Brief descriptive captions
########################################
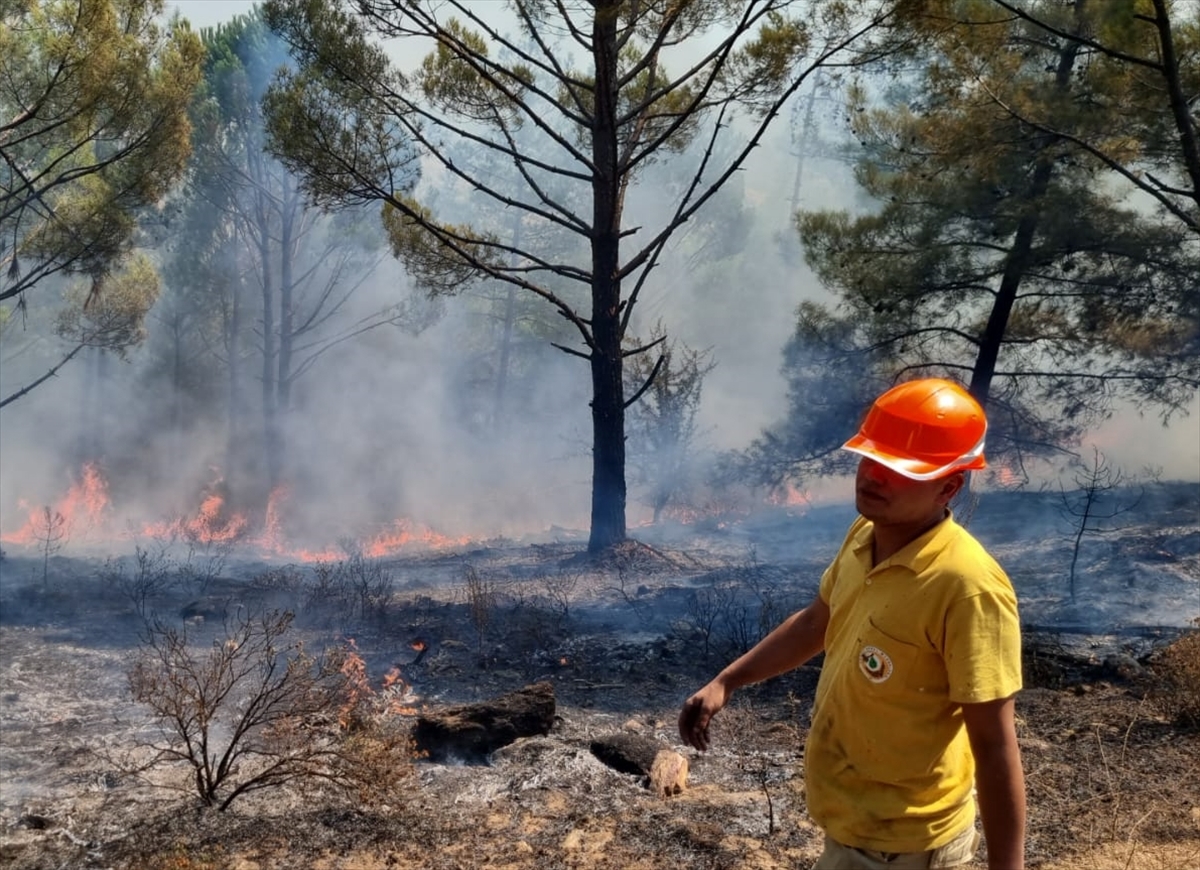 Muğla'da Yıldırım Düşmesi Sonucu 36 Orman Yangını Çıktı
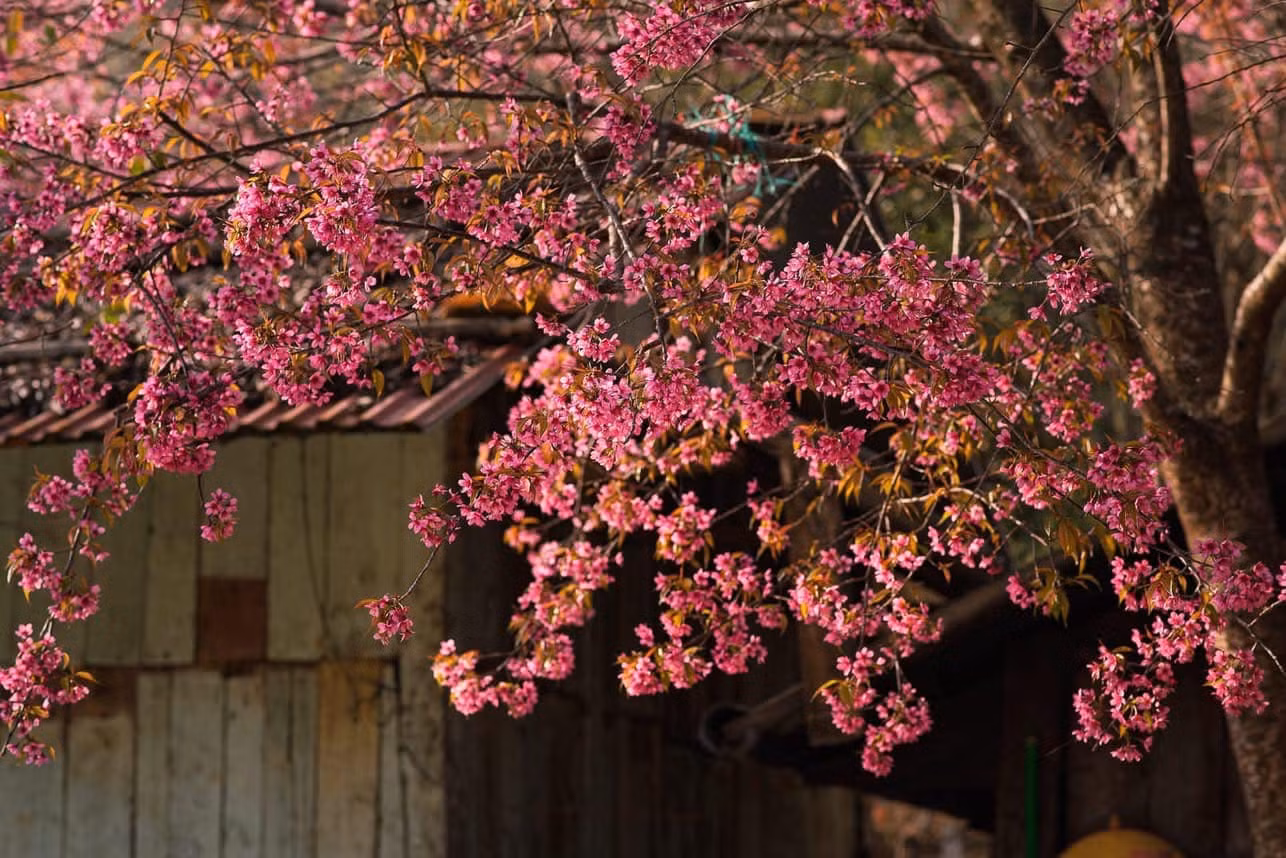 Hoa mai anh đào khoe sắc trên bản Sò Lườn, xã Mường Sang, huyện Mộc Châu. Ảnh: Hà Phương Anh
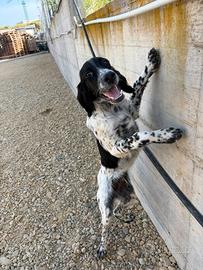 Setter inglese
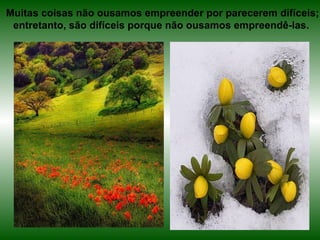 Muitas coisas não ousamos empreender por parecerem difíceis;
 entretanto, são difíceis porque não ousamos empreendê-las.
 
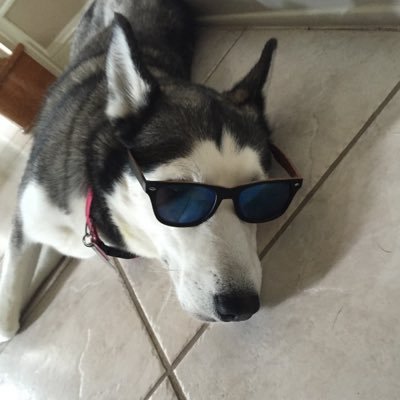 Profile Picture of Alexander $wan (@AlexanderSwan1) on Twitter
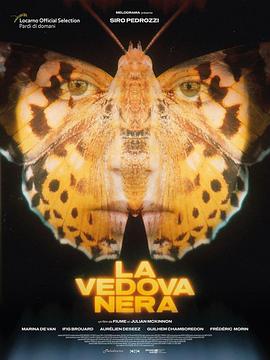 黑寡妇 La Vedova Nera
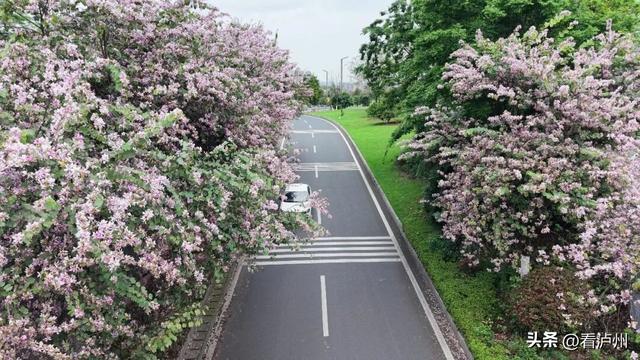 泸州限定浪漫！二环路、兆和路迎来紫荆花盛放期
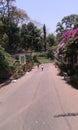 The amazing picture of garden in Shegav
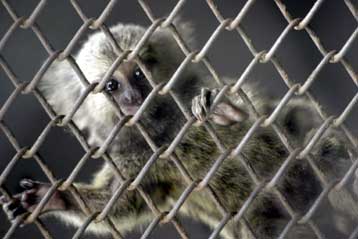 Φρικτός θάνατος δεκάδων πιθήκων λόγω μπλακ άουτ σε εργαστήριο της Β.Κορέας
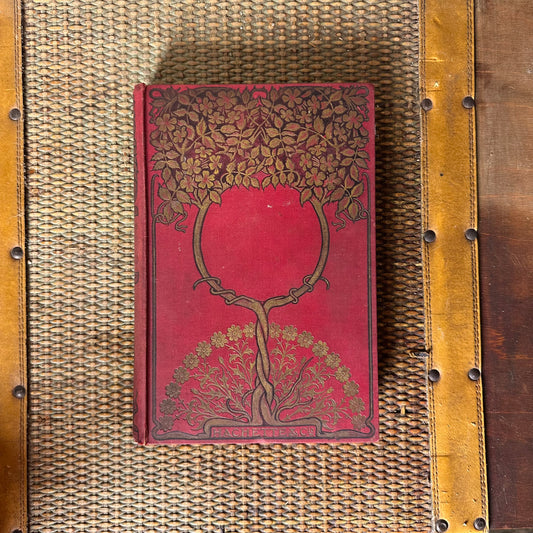 DAVID COPPERFIELD - CHARLES DICKENS - FRENCH EDITION - 1907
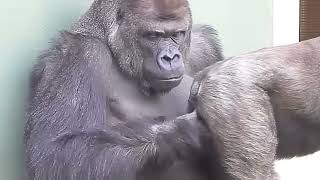 gorilla meeting wow 🤯😁  animal mating  animal breeding  animals meeting 1000subscriber [upl. by Bred593]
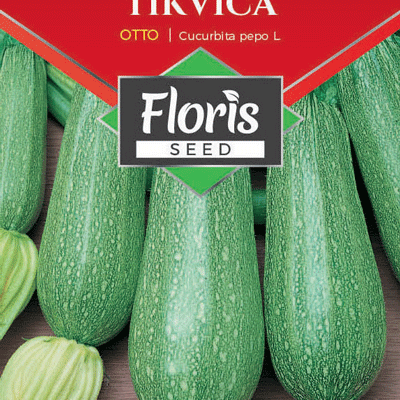Tikvica  Otto 1g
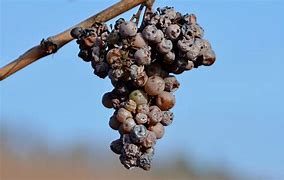 Image result for Rot Grape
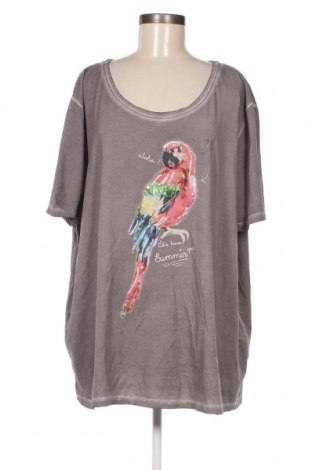 Γυναικεία μπλούζα, Μέγεθος XXL, Χρώμα Γκρί, Τιμή 7,05 €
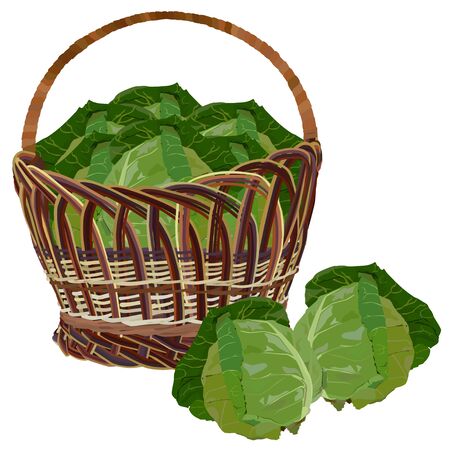 Wicker basket full of fresh white cabbage, vector isolated illustrationのイラスト素材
########################################
Although the records above contain pictures, output every line exactly and leave the pictures out.

Answer to the exercise
 Muğla'da Yıldırım Düşmesi Sonucu 36 Orman Yangını Çıktı
 Hoa mai anh đào khoe sắc trên bản Sò Lườn, xã Mường Sang, huyện Mộc Châu. Ảnh: Hà Phương Anh
 Setter inglese
 Muitas coisas não ousamos empreender por parecerem difíceis;
 entretanto, são difíceis porque não ousamos empreendê-las.
 
 Profile Picture of Alexander $wan (@AlexanderSwan1) on Twitter
 黑寡妇 La Vedova Nera
 泸州限定浪漫！二环路、兆和路迎来紫荆花盛放期
 The amazing picture of garden in Shegav
 Φρικτός θάνατος δεκάδων πιθήκων λόγω μπλακ άουτ σε εργαστήριο της Β.Κορέας
 DAVID COPPERFIELD - CHARLES DICKENS - FRENCH EDITION - 1907
 gorilla meeting wow 🤯😁  animal mating  animal breeding  animals meeting 1000subscriber [upl. by Bred593]
Tikvica  Otto 1g
 Image result for Rot Grape
 Γυναικεία μπλούζα, Μέγεθος XXL, Χρώμα Γκρί, Τιμή 7,05 €
 Wicker basket full of fresh white cabbage, vector isolated illustrationのイラスト素材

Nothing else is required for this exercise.